Pinacoteca de São Paulo, the museum of São Paulo State Secretariat for Culture and Creative Economy presents, from August 10th to October 28th, 2019, the group exhibition We are Many: Experiments in Collectivity, which investigates artistic practice as a collective exercise. Curated by Amanda Arantes, Fernanda Pitta and Jochen Volz, the show presents artistic experiences designed as direct or indirect dialogues with Hélio Oiticica and Joseph Beuys’ production, two of the most important and active artists of the second half of the twentieth century. With them, six other national and international artists and collectives will participate, such as Maurício Ianês, Mônica Nador and Jamac, Coletivo Legítima Defesa, Rirkrit Tiravanija, Tania Bruguera and Vivian Caccuri.
Joseph Beuys (born 1921 Krefeld, Germany–died 1986, Düsseldorf, Germany), coined the expression “social sculpture”, as a concept to defend the understanding of every human activity as an artistic practice capable of structuring and transforming its own environment. The social sculptor is the one who, using language, thoughts, actions and objects, creates new structures in society. For him, society is the raw material of his work, just as the stone, wood or clay would be for the sculptor. Going deeper into this theme, the exhibition brings together a group of artists whose research has been focused on the creation of spaces that foster the imagination of new forms of sociability and ways of life, as Beuys formulated.
As the centerpiece of the exhibition, the curatorship presents a set of Beuys’ works – including videos, drawings and collages – notably the Honigpumpe am Arbeitsplatz installation [Honeypump at the workplace] (1974-1977), brought from the Louisiana Museum of Modern Art, Denmark, which was presented at documenta 6, in Kassel, Germany, in 1977. During that exhibition, the artist installed tubes running into the corridors and around the staircase of the Fridericianum (main building of the event), through which two tons of honey were flowing pumped by a motor. Using honey as a symbol of the product of collective work and its circulating state as a reference to the blood flow of the human organism and society, the work served as a meeting place for the activities of the Free International University, an alternative place of research and cooperation founded by the artist in 1973. The work is considered today to be one of the most outstanding pieces from the German artist, which anticipated discussions on creativity, economy and democracy.

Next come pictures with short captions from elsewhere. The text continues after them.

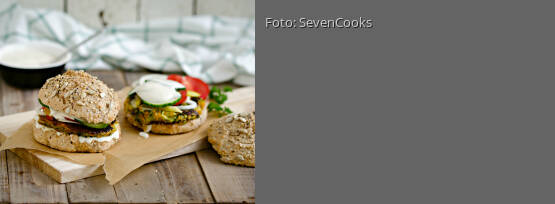 Rezeptbild für "Gemüseburger"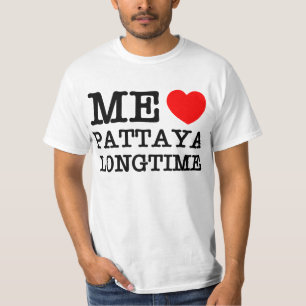 T-SHIRT MOI AIME PATTAYA LONGTIME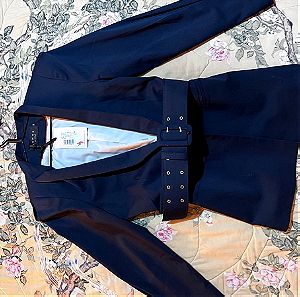Μπλε σκούρο σακάκι lynne ΑΦΟΡΕΤΟ νο 40 (πωλείται και το ίδιο παντελόνι)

The exhibition also highlights the understanding of art as a collective practice that dissolves the concept of individual authorship. “The maxim ‘everybody is an artist’, perhaps one of Beuys’s best known, explicitly renounces the uniqueness of a work of art in relation to the restrictive notion of authorship, but it also claims the understanding that with collectivity it is possible to gather and enhance the will and creative capacity of different individuals”, as curator Amanda Arantes explains. Hélio Oiticica (Rio de Janeiro, 1937 – 1980) was one of the main artists to experiment with this idea, making the public participate instead of being the viewer.
His work, Apropriação (Mesa de Bilhar, d’Après O Café Noturno de Van Gogh) [Appropriation (Billiard Table in Van Gogh’s Night Cafe)] made in 1966, was displayed for the first time at the group exhibition “Opinião 66” in the Museum of Modern Art (MAM-Rio), and after its presentation fifteen years ago in São Paulo, now is displayed at the current exhibition. Through it, the artist introduces the idea of art as a game: “Everyone, including me, discovers the game or the element of ‘pleasure’ in the game. This is important: the artwork is delightful and, as such, it can be free (e.g. people play whenever they want, if they know the rules of the game, etc.). Participation is not that of ‘real life’, as you might think, but a free participation for pleasure which is undertaken by the proposal of a game, perhaps the most interesting and classic of parlor games”, is what he once declared about this work.
According to curator Jochen Volz, “when tracing the potential of Beuys and Oiticica’s strategies and the legacy of their productions to contemporary art, we can see how language, the field of action — beyond conventional artistic spaces, such as galleries and museums —, the specific theories and tools of both artists have become important to subsequent generations of art professionals. The current exhibition brings together a unique constellation, but it is one among many other possible works of artists who consciously labor to expand the notions of collectivity, artistic creation and the artist’s role as an agent of change.”
The dissolution of individual authorship also permeates the practice of Monica Nador (Ribeirão Preto, SP, 1955), who since 2004 has been acting at Miriam Art Club Garden (known –Jamac by its acronym in Portuguese), a project focused on developing creative solutions to cultural problems with the help of residents of São Paulo’s south area. Especially for this exhibition, the artist joined the Extramuros Educational Project, developed by the Pinacoteca’s Center for Educational Action (known –NAE by its acronym in Portuguese), through its their participants could make compositions from their own life stories, resulting in collective murals, banners and other pieces that are part of the exhibition.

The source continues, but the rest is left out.